On Thu, Aug 21, 2014 at 09:38:29AM -0600, Stephen Warren wrote:
On 08/21/2014 12:58 AM, Thierry Reding wrote:
On Wed, Aug 20, 2014 at 02:16:49PM -0600, Stephen Warren wrote:
On 08/13/2014 06:41 AM, Mikko Perttunen wrote:
Hardware-triggered thermal reset requires configuring the I2C
reset procedure. This configuration is read from the device tree,
so document the relevant properties in the binding documentation.
diff --git a/Documentation/devicetree/bindings/arm/tegra/nvidia,tegra20-pmc.txt b/Documentation/devicetree/bindings/arm/tegra/nvidia,tegra20-pmc.txt
+- nvidia,pmu : Phandle to power management unit / PMIC handling poweroff
+- nvidia,reg-addr : I2C register address to write poweroff command to
+- nvidia,reg-data : Poweroff command to write to PMU
Why are both the PMU/PMIC phandle and the register address/data required? I
thought the purpose of having the phandle was to allow the register address
and data to be queried from the PMU/PMIC driver.
To me, it seems much simpler to get rid of the phandle and just hard-code
the I2C bus number, address, and data into this node, rather than having to
go query it from the PMU/PMIC driver, then find the I2C controller, then
query it for its ID (and hope that all HW modules that talk to I2C
controllers directly use the same numbering scheme...)
I originally requested this to be changed. It seems wrong to duplicate
information about the PMIC in both the PMIC device tree node and the
i2c-thermtrip node if we can get the same information from the driver
directly (via the phandle). It certainly requires a little more code,
but at the advantage of not having to figure out the I2C controller
hardware number and I2C slave addresses when writing the i2c-thermtrip
node.
I cant see that argument, but surely the PMIC driver can also supply the
"reg-addr" and "reg-data" values too, if it's already being queried for the
I2C device address and bus number? The binding above appears to duplicate
part of the information, while requiring querying of the other part.

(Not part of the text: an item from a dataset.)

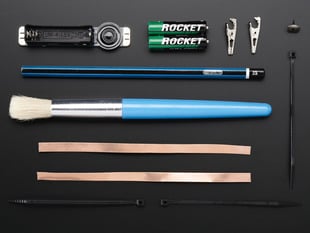 Collection of loose components in kit: assembled PCB, pencil, brush, copper tape and other parts.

I suppose that could be done. It would take a new function to do that,
though, since I'm not aware of a generic mechanism to query this kind of
information from a PMIC (there's no generic PMIC API, either, so perhaps
it would be a good time to create one?). The I2C controller and I2C
slave are generic I2C properties, whereas the register and data to power
off the device are very device specific.